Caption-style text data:
━━━━━━━━━━━━━━━━

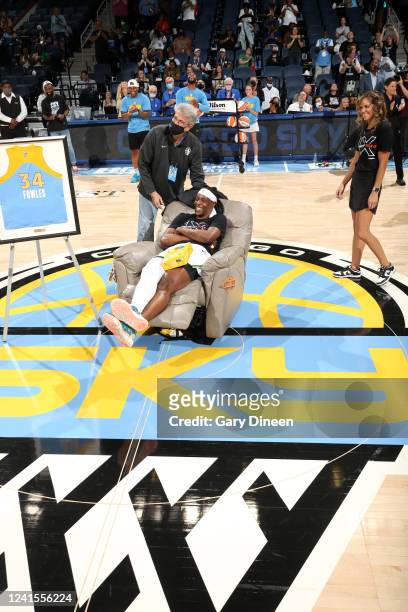 June 26: Sylvia Fowles of the Minnesota Lynx is recognized prior to the game against the Chicago Sky on June 26, 2022 at the Wintrust Arena in...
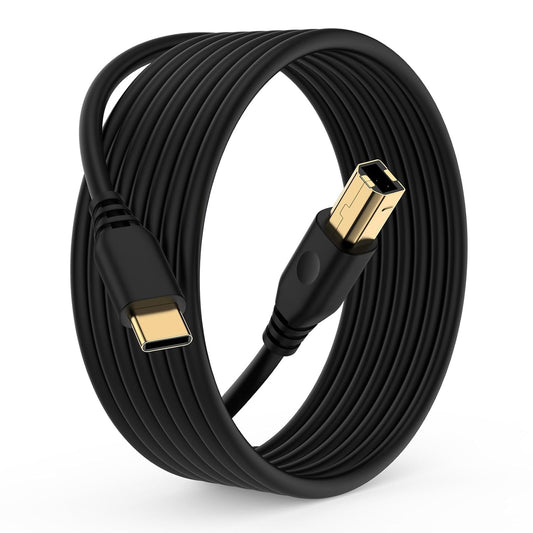 10ft, 2.0 3/4 10 USB C Printer Cable High-Speed USB C to USB B Cord for MacBook Pro/Air, Thunderbolt Laptop to HP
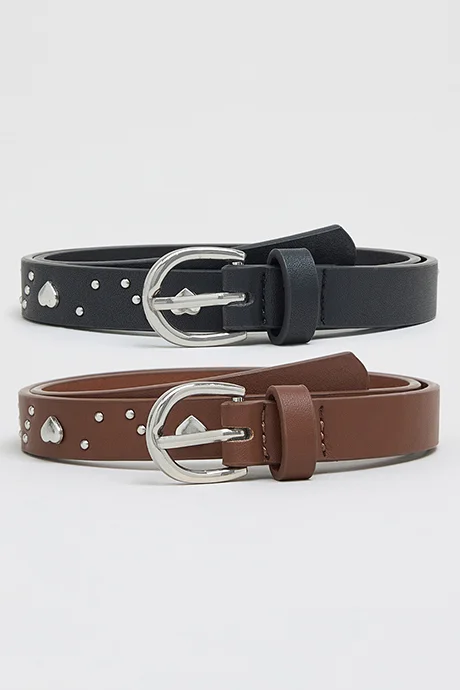 أر أند بي 2 Pack Embellished Buckle Belts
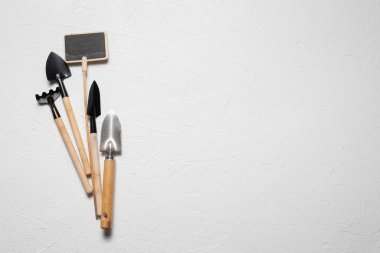 Beyaz tablo üzerinde tırmık ve kürek bahçe araçları kopya alanı ile düz arkaplan yatıyordu.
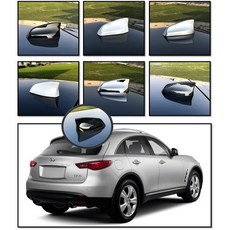 Infiniti FX35 FX45 2003-2012 鯊魚鰭蓋 天線蓋 烤漆黑 銀 白 珍珠白 鍍鉻 卡夢, 1個, 車頂有天線(底部挖孔款),素材黑(可自行烤漆)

━━━━━━━━━━━━━━━━

TASK STATEMENT: Pictures stay out. Return exactly the lines from the one with "10ft, 2.0 3/4" through the last line of the data.

RESPONSE AREA:
 10ft, 2.0 3/4 10 USB C Printer Cable High-Speed USB C to USB B Cord for MacBook Pro/Air, Thunderbolt Laptop to HP
 أر أند بي 2 Pack Embellished Buckle Belts
 Beyaz tablo üzerinde tırmık ve kürek bahçe araçları kopya alanı ile düz arkaplan yatıyordu.
 Infiniti FX35 FX45 2003-2012 鯊魚鰭蓋 天線蓋 烤漆黑 銀 白 珍珠白 鍍鉻 卡夢, 1個, 車頂有天線(底部挖孔款),素材黑(可自行烤漆)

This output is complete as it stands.